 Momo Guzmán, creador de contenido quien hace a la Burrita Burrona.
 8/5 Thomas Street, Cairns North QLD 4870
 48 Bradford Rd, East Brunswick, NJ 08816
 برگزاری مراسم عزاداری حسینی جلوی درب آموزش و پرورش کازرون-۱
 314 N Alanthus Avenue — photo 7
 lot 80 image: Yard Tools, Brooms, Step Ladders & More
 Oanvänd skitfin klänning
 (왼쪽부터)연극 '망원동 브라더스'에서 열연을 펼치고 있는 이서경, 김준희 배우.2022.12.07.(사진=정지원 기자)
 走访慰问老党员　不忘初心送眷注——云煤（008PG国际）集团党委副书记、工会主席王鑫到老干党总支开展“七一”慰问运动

■ Aim of the task
Copy out, exactly as written, the line that contains "Oanvänd skitfin klänning" along with every line that comes after it in the material above, and nothing else.

■ Answer area
 Oanvänd skitfin klänning
 (왼쪽부터)연극 '망원동 브라더스'에서 열연을 펼치고 있는 이서경, 김준희 배우.2022.12.07.(사진=정지원 기자)
 走访慰问老党员　不忘初心送眷注——云煤（008PG国际）集团党委副书记、工会主席王鑫到老干党总支开展“七一”慰问运动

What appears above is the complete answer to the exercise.